▶ [TASK DESCRIPTION] Transcribe every line below exactly; no image goes into the output.

*** Opening of PROVIDED ENTRIES ***

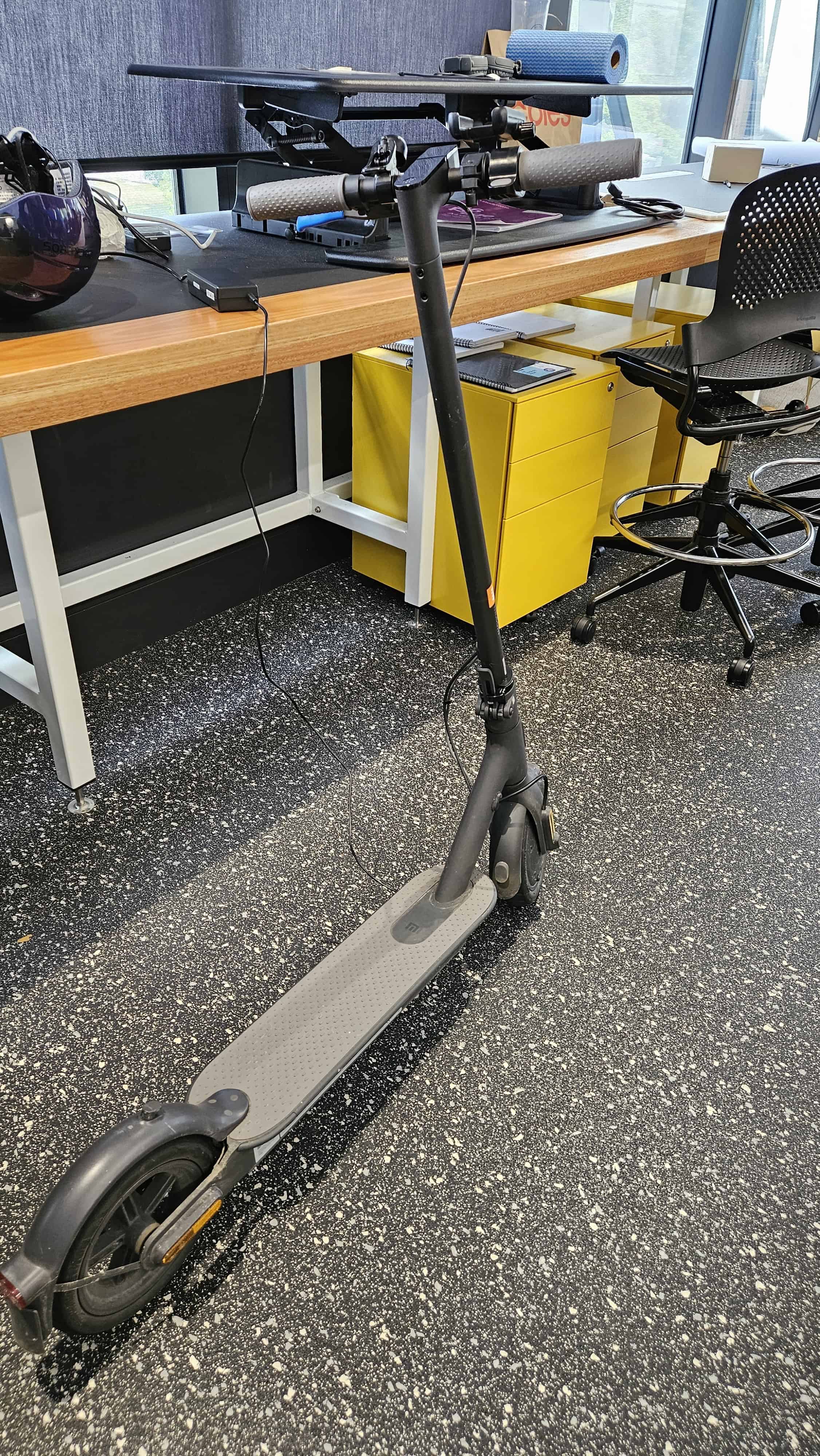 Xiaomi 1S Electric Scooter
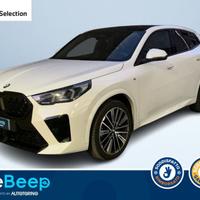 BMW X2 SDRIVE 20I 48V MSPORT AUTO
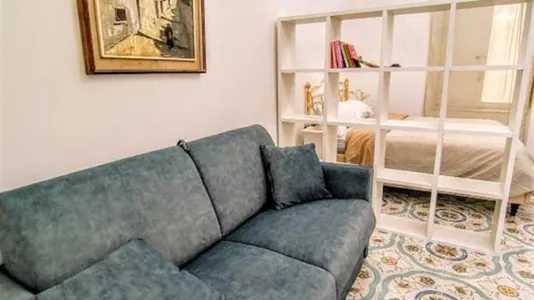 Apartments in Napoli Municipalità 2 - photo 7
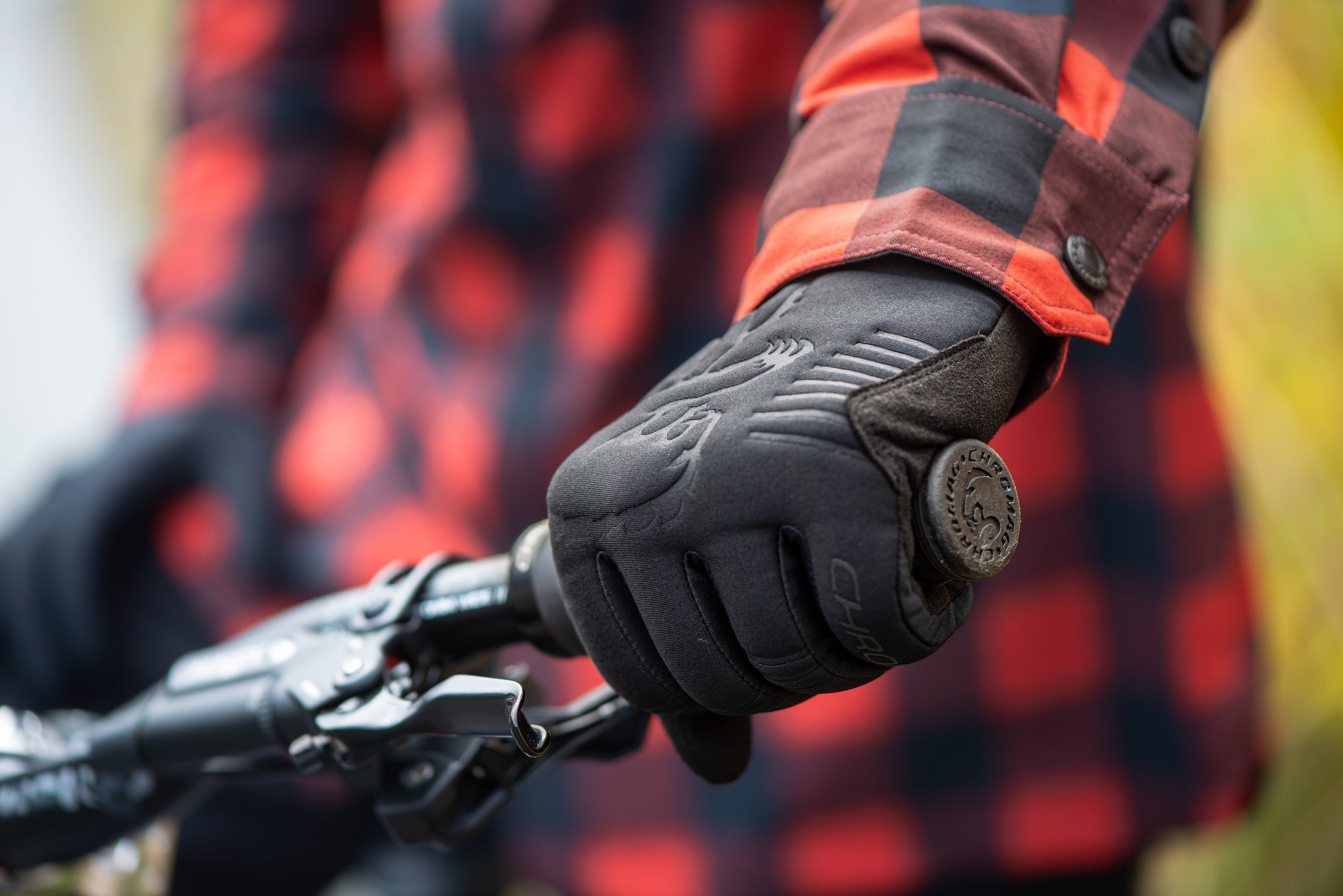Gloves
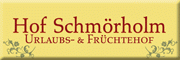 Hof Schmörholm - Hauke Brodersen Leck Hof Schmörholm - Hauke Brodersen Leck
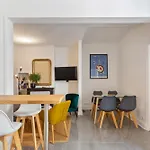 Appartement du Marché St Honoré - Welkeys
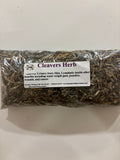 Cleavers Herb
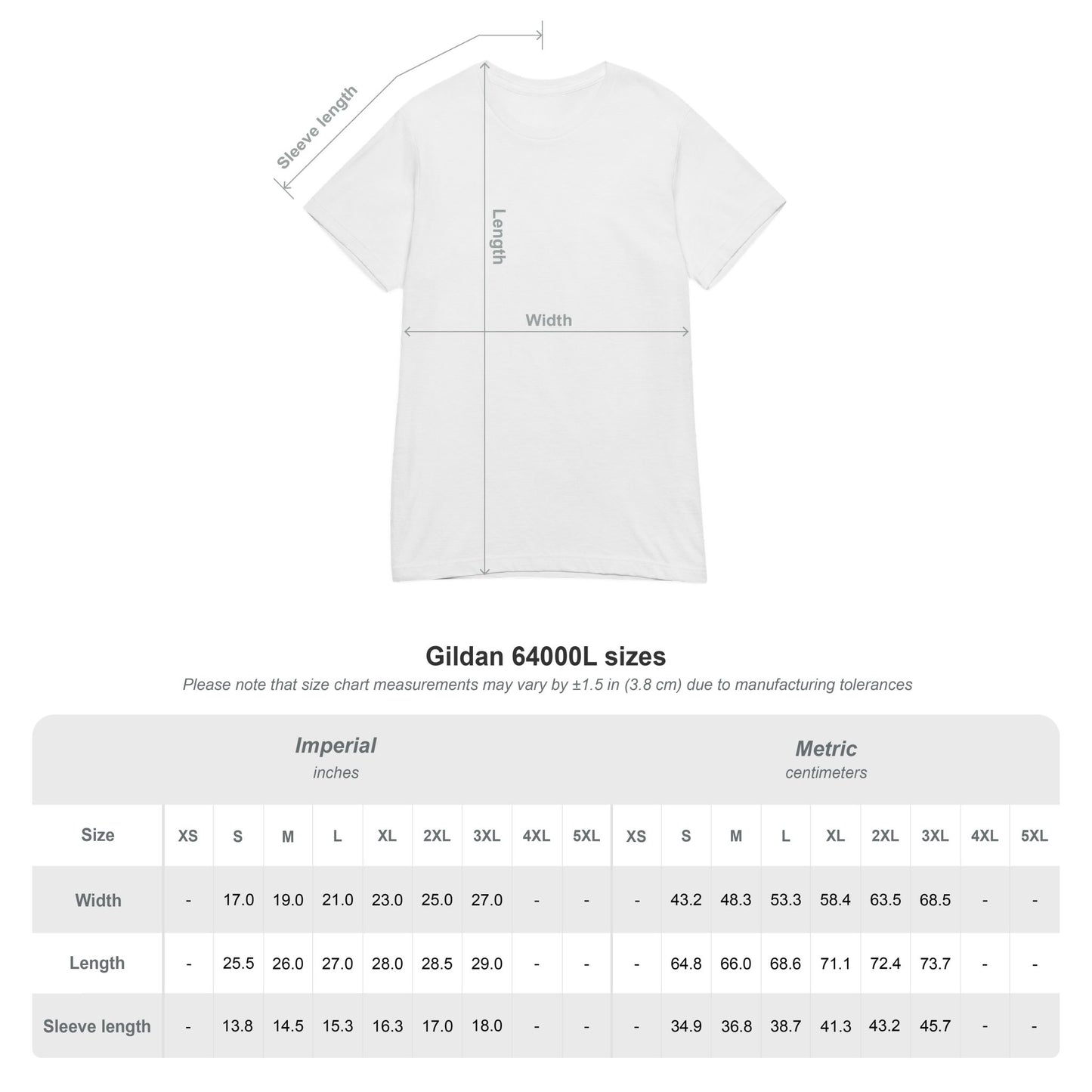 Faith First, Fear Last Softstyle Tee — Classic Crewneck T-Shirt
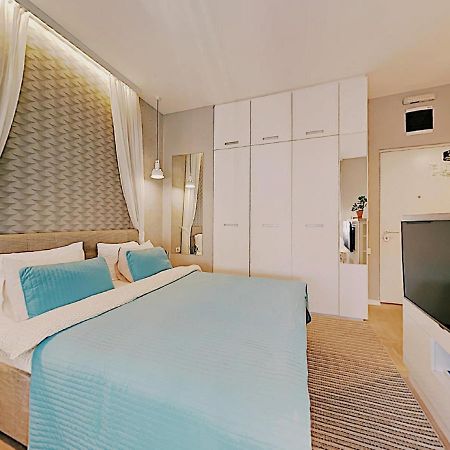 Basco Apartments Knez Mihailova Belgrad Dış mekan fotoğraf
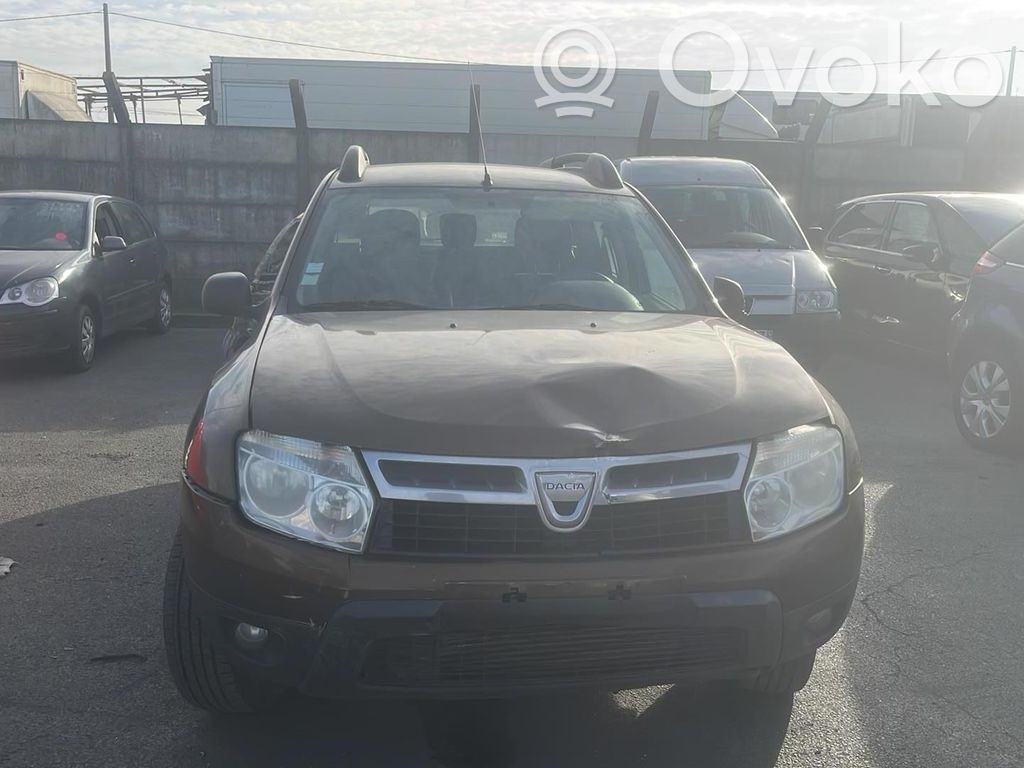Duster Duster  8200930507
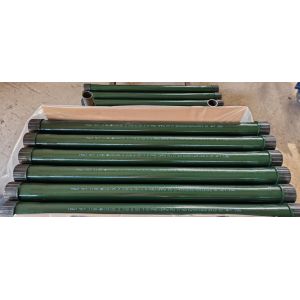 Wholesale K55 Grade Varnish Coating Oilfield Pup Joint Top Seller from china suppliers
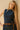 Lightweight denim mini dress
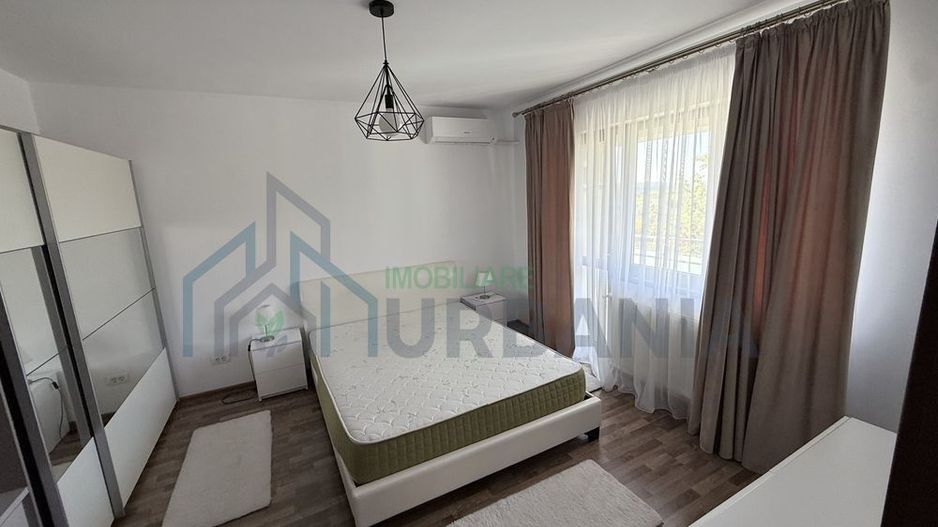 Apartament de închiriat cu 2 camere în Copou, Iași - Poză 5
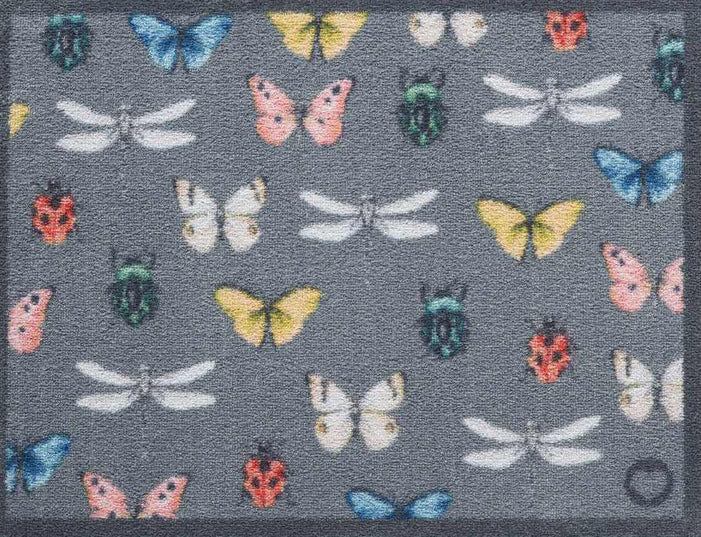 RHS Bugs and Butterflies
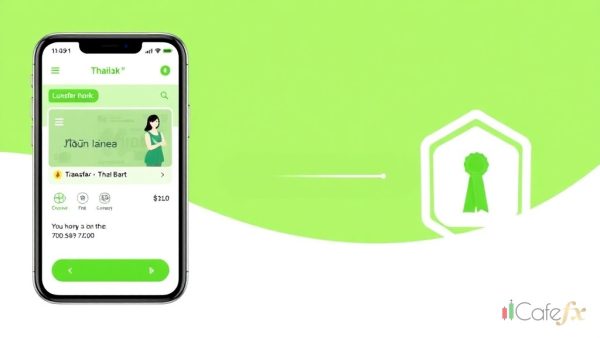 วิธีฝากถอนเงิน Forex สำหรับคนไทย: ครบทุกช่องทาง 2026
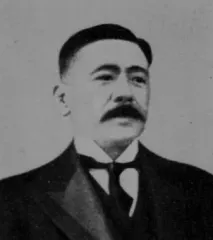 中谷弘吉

*** Close of PROVIDED ENTRIES ***

▶ [SOLVED PROBLEM]
 Xiaomi 1S Electric Scooter
 BMW X2 SDRIVE 20I 48V MSPORT AUTO
 Apartments in Napoli Municipalità 2 - photo 7
Gloves
 Hof Schmörholm - Hauke Brodersen Leck Hof Schmörholm - Hauke Brodersen Leck
 Appartement du Marché St Honoré - Welkeys
 Cleavers Herb
 Faith First, Fear Last Softstyle Tee — Classic Crewneck T-Shirt
 Basco Apartments Knez Mihailova Belgrad Dış mekan fotoğraf
Duster Duster  8200930507
 Wholesale K55 Grade Varnish Coating Oilfield Pup Joint Top Seller from china suppliers
 Lightweight denim mini dress
 Apartament de închiriat cu 2 camere în Copou, Iași - Poză 5
 RHS Bugs and Butterflies
 วิธีฝากถอนเงิน Forex สำหรับคนไทย: ครบทุกช่องทาง 2026
 中谷弘吉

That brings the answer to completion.